Listed entries:
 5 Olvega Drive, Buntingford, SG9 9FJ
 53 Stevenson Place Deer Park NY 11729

---

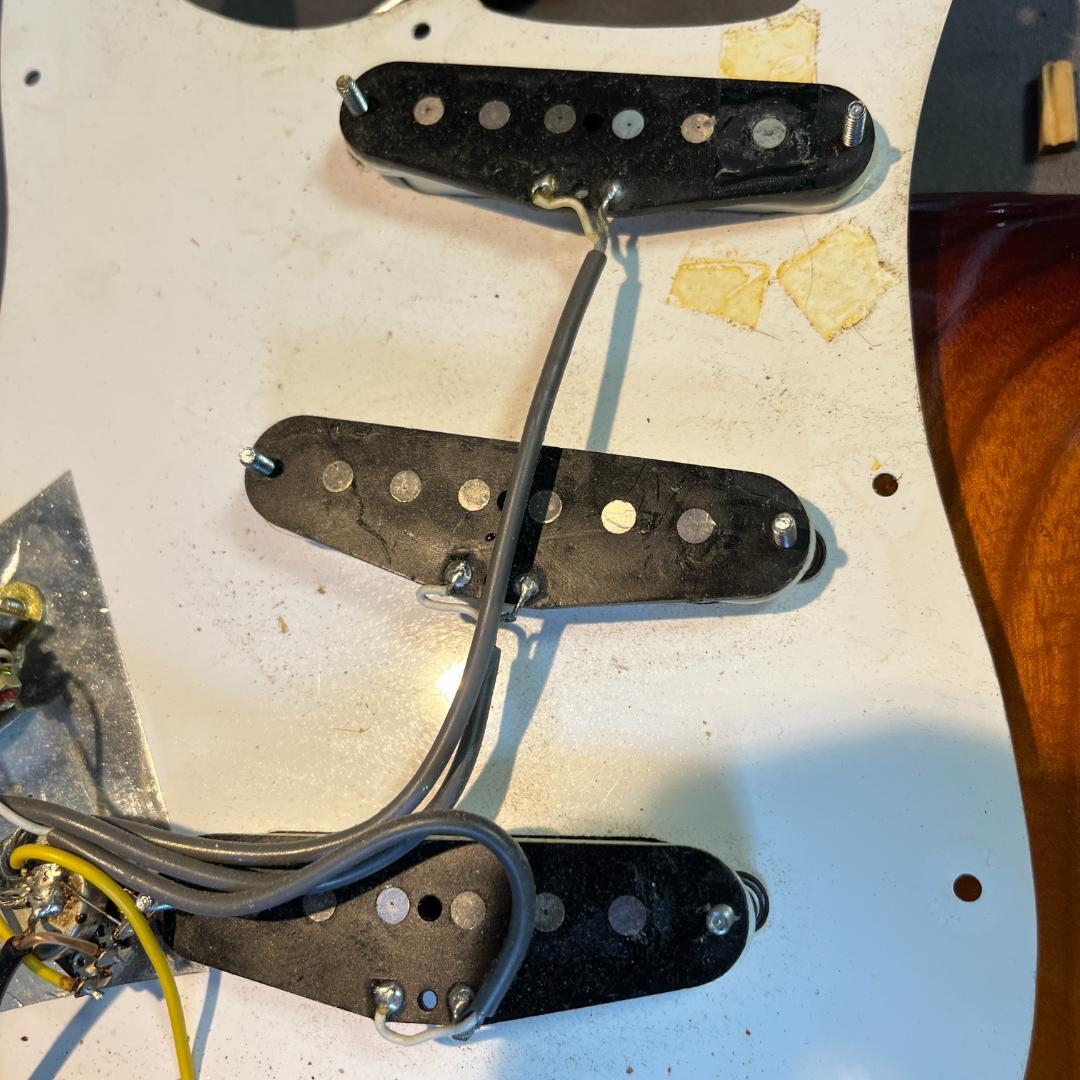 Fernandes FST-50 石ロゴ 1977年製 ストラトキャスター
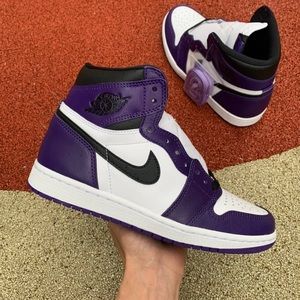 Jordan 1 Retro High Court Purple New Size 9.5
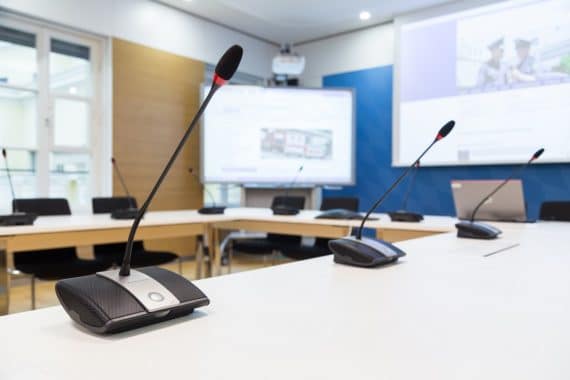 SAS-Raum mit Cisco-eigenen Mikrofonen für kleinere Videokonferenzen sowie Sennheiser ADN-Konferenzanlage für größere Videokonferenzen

==

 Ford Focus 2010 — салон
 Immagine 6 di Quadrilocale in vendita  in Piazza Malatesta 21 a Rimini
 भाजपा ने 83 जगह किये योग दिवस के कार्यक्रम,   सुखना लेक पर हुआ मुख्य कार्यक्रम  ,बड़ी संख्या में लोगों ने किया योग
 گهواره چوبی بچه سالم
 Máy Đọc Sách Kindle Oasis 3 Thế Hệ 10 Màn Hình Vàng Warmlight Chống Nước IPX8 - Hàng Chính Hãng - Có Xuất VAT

Aim of the task: Taking the material above, extract exactly and only the lines from the line with "5 Olvega Drive, Buntingford, SG9 9FJ" to the line with "53 Stevenson Place Deer Park NY 11729", inclusive of both.

Task output:
 5 Olvega Drive, Buntingford, SG9 9FJ
 53 Stevenson Place Deer Park NY 11729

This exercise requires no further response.